Siva
Siva

Reputation: 1325

what does 16bit offset and 24 bit offset mean? how do i do such calculations using java

I have a spec which reads the column specifies a 16 bit offset to a structure and another column specifies a 24 bit offset to a structure. I am implementing the spec using java. I am not clear of what 16 bit offset /24 bit offset means and how to perform such operation in java.

Upvotes: 0

Views: 11953

Answers (3)

Bohemian
Bohemian

Reputation: 425318

It sounds like you have single piece of data that is segmented into bit series.

  • Bits 16-23 are the "16 bit offset"
  • Bits 24-? are the "24 bit offset"

The data is probably a int (32-bit signed integer) or a long (64-bit signed integer) with certain parts of the bit sequence allocated to storing separate smaller pieces of data.

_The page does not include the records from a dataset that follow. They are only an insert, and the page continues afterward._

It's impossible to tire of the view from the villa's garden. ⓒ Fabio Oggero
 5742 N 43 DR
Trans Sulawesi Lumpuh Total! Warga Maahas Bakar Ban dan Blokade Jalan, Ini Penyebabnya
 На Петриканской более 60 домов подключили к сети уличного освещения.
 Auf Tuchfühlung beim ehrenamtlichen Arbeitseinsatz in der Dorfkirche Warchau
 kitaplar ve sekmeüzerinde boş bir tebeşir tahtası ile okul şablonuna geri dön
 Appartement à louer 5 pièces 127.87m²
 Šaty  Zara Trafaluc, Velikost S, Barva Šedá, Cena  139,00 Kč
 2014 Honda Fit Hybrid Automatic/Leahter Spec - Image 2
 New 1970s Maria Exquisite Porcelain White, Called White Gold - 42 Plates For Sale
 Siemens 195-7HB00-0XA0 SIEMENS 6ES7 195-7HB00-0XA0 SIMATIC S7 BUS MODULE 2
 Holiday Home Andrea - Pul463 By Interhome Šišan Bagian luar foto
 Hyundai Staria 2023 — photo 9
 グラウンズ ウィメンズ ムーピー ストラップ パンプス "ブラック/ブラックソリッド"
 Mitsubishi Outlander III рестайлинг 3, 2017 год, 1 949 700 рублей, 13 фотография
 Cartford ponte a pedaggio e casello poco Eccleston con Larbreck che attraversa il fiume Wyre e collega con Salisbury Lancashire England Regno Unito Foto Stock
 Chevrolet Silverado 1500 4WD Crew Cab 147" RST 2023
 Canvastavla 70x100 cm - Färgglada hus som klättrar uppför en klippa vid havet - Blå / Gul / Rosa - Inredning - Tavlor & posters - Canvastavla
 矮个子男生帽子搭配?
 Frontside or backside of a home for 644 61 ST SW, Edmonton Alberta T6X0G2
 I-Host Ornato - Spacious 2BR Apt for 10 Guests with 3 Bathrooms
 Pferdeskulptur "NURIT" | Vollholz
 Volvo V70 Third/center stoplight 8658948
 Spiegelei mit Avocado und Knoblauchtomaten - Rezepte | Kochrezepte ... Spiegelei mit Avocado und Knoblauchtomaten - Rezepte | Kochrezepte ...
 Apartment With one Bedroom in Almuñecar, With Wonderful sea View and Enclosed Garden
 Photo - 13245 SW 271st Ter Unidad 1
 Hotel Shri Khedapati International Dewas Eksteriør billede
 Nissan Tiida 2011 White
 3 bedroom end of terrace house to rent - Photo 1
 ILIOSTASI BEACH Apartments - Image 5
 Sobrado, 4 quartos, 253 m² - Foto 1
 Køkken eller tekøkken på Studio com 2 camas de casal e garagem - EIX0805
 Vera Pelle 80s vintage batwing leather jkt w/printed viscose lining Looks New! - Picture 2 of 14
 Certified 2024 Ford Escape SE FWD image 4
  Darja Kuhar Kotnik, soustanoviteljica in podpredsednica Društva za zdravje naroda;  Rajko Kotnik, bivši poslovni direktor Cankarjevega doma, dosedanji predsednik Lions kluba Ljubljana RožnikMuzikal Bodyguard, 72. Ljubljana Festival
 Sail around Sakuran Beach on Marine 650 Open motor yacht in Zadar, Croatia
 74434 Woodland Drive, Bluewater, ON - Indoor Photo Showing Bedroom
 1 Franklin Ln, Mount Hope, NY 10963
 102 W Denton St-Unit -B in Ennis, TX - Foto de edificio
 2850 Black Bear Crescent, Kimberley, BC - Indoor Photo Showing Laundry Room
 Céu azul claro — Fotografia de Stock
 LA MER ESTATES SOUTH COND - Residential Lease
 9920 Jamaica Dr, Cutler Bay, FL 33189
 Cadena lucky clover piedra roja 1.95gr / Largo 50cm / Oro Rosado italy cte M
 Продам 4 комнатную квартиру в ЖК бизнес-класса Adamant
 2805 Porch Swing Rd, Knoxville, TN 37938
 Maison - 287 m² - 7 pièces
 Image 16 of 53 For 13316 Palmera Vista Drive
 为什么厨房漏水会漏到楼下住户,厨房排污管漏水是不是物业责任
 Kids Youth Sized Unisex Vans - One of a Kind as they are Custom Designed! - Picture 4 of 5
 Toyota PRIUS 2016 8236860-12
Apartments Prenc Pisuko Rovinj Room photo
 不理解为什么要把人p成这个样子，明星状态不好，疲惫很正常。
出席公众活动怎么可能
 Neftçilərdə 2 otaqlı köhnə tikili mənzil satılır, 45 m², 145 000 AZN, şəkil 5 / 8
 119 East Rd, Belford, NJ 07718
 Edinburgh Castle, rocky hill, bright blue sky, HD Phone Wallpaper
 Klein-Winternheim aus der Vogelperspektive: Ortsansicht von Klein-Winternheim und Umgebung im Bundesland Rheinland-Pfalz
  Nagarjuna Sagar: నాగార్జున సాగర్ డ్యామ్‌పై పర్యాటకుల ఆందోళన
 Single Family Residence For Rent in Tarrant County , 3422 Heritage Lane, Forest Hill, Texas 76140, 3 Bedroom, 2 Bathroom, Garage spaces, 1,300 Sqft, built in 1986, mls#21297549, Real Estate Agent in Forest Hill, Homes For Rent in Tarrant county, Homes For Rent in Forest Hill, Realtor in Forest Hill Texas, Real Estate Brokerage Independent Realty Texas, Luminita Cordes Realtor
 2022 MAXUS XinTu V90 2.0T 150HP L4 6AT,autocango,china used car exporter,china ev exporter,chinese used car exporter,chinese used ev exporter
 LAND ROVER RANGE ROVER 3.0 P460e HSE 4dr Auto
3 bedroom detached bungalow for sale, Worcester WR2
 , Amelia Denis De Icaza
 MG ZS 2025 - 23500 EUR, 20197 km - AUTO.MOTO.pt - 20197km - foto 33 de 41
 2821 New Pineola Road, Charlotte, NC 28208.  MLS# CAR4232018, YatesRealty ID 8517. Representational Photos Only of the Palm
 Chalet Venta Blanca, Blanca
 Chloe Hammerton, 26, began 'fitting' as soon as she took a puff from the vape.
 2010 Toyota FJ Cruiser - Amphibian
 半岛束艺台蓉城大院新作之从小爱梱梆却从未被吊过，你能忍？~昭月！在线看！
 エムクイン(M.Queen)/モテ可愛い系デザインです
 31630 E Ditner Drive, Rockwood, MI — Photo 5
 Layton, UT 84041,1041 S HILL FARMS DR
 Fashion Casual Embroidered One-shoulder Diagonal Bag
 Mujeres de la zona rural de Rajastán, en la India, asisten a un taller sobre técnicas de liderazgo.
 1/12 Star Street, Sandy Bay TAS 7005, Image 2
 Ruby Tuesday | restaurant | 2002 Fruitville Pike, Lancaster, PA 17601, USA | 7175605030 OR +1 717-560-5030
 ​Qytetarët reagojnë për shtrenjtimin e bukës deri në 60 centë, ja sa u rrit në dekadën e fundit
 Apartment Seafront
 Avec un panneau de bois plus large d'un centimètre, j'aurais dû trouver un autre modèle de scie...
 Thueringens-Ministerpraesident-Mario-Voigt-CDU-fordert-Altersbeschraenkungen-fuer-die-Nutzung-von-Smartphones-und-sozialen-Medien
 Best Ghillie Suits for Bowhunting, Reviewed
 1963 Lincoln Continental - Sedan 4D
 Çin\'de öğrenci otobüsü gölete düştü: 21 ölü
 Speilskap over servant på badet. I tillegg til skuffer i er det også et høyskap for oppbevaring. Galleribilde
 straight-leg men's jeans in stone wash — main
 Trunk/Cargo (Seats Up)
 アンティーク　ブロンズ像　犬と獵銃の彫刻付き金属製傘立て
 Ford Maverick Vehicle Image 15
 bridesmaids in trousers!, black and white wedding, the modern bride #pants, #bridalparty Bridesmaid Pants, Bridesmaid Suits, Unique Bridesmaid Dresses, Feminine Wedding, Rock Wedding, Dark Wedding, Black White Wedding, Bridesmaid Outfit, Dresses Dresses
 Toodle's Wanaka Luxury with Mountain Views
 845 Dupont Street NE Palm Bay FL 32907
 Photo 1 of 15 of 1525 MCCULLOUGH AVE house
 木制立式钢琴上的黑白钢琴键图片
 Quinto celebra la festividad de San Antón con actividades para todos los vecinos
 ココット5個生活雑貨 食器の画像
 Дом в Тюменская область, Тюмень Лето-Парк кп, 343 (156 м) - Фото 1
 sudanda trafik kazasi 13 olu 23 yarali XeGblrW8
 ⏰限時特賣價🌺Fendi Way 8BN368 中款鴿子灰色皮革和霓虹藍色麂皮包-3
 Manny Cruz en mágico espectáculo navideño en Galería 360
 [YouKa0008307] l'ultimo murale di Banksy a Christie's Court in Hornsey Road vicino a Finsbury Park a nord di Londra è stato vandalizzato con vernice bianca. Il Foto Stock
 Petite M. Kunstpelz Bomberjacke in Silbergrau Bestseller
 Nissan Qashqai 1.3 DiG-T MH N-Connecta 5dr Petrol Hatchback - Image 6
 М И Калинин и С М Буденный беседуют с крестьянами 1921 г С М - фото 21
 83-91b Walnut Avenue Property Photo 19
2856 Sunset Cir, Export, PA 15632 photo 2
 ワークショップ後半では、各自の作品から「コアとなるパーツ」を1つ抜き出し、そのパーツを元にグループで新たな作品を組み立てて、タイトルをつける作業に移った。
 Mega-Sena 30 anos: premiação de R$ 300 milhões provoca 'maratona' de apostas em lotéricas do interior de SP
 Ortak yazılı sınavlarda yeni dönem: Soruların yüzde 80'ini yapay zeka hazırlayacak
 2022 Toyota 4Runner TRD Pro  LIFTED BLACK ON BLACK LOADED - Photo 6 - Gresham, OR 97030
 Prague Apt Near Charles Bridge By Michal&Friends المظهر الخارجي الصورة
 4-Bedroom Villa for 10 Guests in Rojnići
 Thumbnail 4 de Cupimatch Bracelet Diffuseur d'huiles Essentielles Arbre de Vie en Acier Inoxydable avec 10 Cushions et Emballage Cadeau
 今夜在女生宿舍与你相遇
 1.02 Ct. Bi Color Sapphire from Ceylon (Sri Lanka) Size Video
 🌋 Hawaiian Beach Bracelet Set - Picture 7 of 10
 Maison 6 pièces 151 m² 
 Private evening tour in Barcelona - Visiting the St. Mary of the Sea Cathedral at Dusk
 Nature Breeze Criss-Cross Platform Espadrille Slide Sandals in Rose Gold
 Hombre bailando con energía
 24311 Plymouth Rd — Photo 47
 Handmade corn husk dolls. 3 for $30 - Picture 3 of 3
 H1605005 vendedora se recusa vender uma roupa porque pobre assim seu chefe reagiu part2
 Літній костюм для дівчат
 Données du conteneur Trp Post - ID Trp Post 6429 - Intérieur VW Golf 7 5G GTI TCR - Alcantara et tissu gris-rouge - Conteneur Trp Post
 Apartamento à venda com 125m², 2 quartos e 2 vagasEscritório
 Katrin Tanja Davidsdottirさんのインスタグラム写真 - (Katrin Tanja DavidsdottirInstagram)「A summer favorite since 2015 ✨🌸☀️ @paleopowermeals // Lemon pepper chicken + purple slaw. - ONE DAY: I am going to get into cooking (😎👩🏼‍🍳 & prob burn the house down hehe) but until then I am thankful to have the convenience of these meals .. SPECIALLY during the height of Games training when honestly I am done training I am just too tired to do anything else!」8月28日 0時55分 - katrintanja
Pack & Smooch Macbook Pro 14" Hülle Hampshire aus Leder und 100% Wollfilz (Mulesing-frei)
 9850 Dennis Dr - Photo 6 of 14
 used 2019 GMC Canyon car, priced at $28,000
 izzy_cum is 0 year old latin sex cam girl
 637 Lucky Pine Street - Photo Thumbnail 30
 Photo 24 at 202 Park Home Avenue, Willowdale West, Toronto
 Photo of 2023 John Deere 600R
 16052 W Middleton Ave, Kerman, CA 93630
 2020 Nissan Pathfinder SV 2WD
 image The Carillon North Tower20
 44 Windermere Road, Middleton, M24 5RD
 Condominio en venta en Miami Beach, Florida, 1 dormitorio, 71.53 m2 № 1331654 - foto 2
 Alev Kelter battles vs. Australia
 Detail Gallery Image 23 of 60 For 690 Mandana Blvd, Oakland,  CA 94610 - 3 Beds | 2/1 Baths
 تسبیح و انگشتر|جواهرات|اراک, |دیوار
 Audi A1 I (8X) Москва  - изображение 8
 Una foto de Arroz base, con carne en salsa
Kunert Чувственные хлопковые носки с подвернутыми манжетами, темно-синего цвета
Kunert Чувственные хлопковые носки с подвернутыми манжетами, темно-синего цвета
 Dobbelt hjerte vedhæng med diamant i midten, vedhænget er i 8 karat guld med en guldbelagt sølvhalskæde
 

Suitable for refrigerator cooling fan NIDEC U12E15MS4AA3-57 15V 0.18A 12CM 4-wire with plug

One way to simply get at the values is to use a bit mask and right shift, like this:

int mask = 0xf00; // only bits 16-23 are 1
int data;
int value = data & mask; // zero other bits
value >>= 16; // shift the value down to the end

Upvotes: 4

Artefacto
Artefacto

Reputation: 97835

It probably means the boundary of the data starts 16 bits or 24 bits after the start of that structure.

How you access it depends on how you got access to the structure to begin with.

If it's just something you read into a byte array, some data stored offset 16 bits could be accessed by ignoring the first two elements of the array (2 byte = 8 bits * 2), or 3 for 24 bits. If it's an long or an int, it depends if you can use the >> and << shift operators.

Upvotes: 0

Joachim Sauer
Joachim Sauer

Reputation: 308239

An offset is a relative address in some stream and/or storage medium.

A 16bit offset is an offset that's stored in a 16 bit variable/slot.

So if some file format specification says that "the next field is the 16 bit offset" that means you must read the next 2 byte and treat it as a relative address.

What exactly that addresses depends on the specification: it might be bytes, it might be "entries" or anything else.

Note also, that Java doesn't have any built-in 24 bit data types, so you'll have to work around that using int, which has 32 bit.